WBA must have been taking lessons from the Australian cricket team in sledging. Martin Olsson moving the ball after Cazorla had placed it. Craig Gardiner continually chirping at Cazorla. What it showed once more was a lack of leaders. Bar Olivier Giroud forcibly moving Olsson, no one else got involved.

Maybe this was done deliberate. A scuffle would have delayed the penalty further. But it is worrying that this is the 2nd incident this season where a player struggled (Gabriel / Costa the first) and no one stood up to be counted.

I knew Santi was going to miss the penalty. After what went on he just did not look confident. Yes, he slipped, kicking the ball twice ballooning it back to orbit, but I feel this was a direct result to the sledging. He was riled up. He was distracted. He wanted to smash the ball emphatically into the back of the net.

A calmer head was needed. An understanding that the surface was wet. The ball to be rolled into the back of the net rather than blasted.

Of course, it is easy in hindsight.

And after the penalty. Gardiner again getting in the face of Cazorla. He was visibly upset over the miss. Again  no one stood up for him. And he was anonymous for the final 10 minutes. It clearly got to him.

He is such a happy chappy is our Santi. Hopefully the miss does not wipe the smile off his face for too long. He has had a bit of a rough season. He needs his team mates and the fans to get round him. To back him.

When Cazorla plays well. Arsenal play well.

Camera phones

I hate camera phones. With a passion.

You go to a gig, and stand behind 200 people with an arm in the air filming the gig. Why? You are at the gig, watch the gig, enjoy the moment. Why the need to record it? The quality will be no good. The video unclear. The sound poor. If you like the band, buy the CD. Buy the DVD of the show. Why video it? Leave it to professionals.

And it happens at football as well.

Saturday I was sat behind two blokes who for every corner, every throw in, every free kick, every goal kick, every song, had there phones out, videoing the play, videoing the crowd. Why would you do this?

They videoed the Cazorla penalty, and then stood wand watched the replay on their phones half a dozen times. Why? To show their mates that they have been at the football? To stick it up on YouTube? To create a memory? I do not know. They spent more time videoing than watching the game. There were standing together, and yet both were videoing it. £40 a ticket to watch it through a mobile phone.

And you see it all the time.

We score a goal, and rather than celebrate, people get their phones out to video the fans celebrating in the hope they get YouTube hits. We make a bit of noise, and rather than join in, people video the crowd. It could get people into trouble when some of our naughty songs are sung.

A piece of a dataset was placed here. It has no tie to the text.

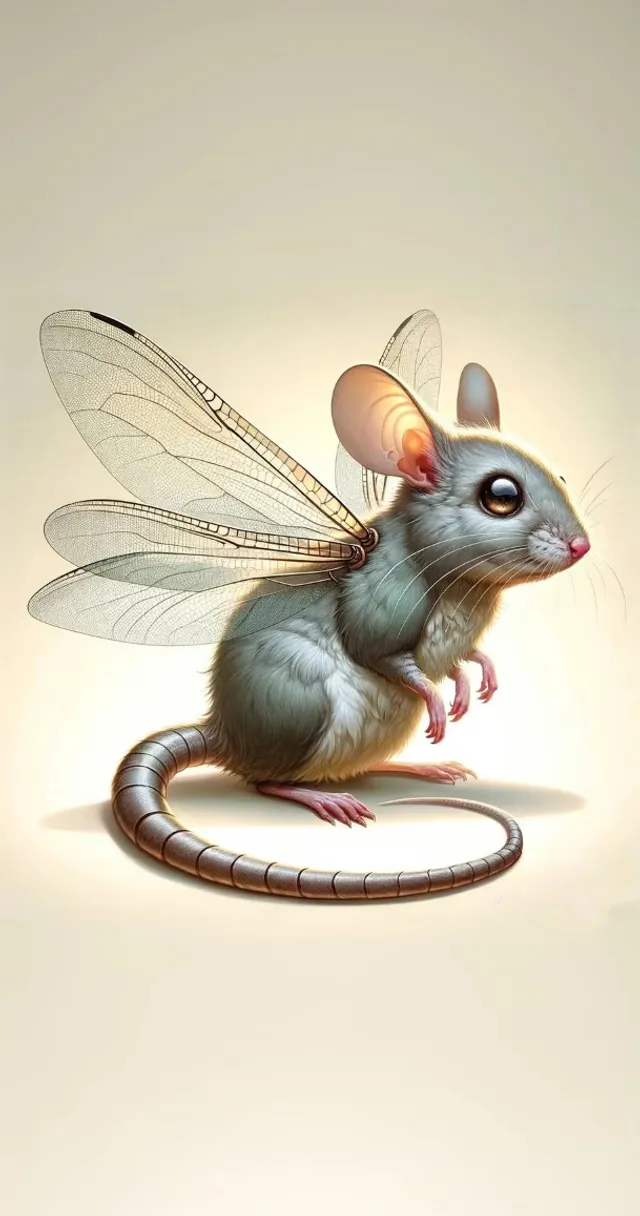 a mouse with a light on its head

I just do not understand it.

Watch the game. Enjoy the moment. Put them phones away.

Spurs

Imagine 12 games unbeaten being your club record

Imagine being excited that you are 5th in the league

Imagine top 4 being your everything

Imagine never having finished higher than 4th in the Premier League

Imagine having never finished above your rivals in 20 years

Imagine having never won the Premier League in 54 years

Imagine having never won the FA Cup (or made an FA Cup Final) in 24 years

Imagine being Spurs

Keenos

Premier League football is back – 9 weekend predictions

None of the Arsenal players due to return from injury after the international break to actually return from injury. An update will come out ruling most out until the New Year.UntitledAlexis Sanchez to play and get injured. Arsene Wenger blames Chile for their mismanagement of him, questioning why he had to play in a key qualifier.Untitled

Unemployed fitness coach Raymond Verheijen will tweet about yet another Arsenal muscle injury. He will criticise Wenger, praising Manchester City (despite Delph being injured, again) and praise Manchester United (despite them having more injuries then us). He has a new book to sell.cid164630_VerheijdenVI02_1180Olivier Giroud will score. He will run over to the bench, hug Laurent Koscileny, and hold up the Tricolore.Untitled

Arsene Wenger will be wearing his coat. He still won’t be able to do up his zip.

163670

Spurs will win, proving their title credentials. The win will take them from their current position of 5th to 5th.715b31a4-ce83-43ac-aacc-773ae3c96f83-medium

Dele Alli to score a wonder goal, which justifies the presses recent praise of him. In 3 years time people will still be going on about THAT performance for England, even if he falls out of favour at Spurs after an argument with the physio._86502105_andros_townsend_rex

Diego Costa will cheat. Or stamp on someone. Everyone will agree, he is that type of player. Even his team mates.4221396001_4499029144001_cheat

Kieron Dyer will pull a hamstring muscle in the jungle. Raymond Verheijen will blame Arsene Wenger.Kieron-Dyer-MainKeenos

Debunking the myths of Arsenal v Spurs

Yes, I know the game was a few days ago now, and most people have since got over it and are looking forward to the pointless internationals this weekend (unless you are a plastic Paddy), but something has been bugging me for some time, and i have finally cracked.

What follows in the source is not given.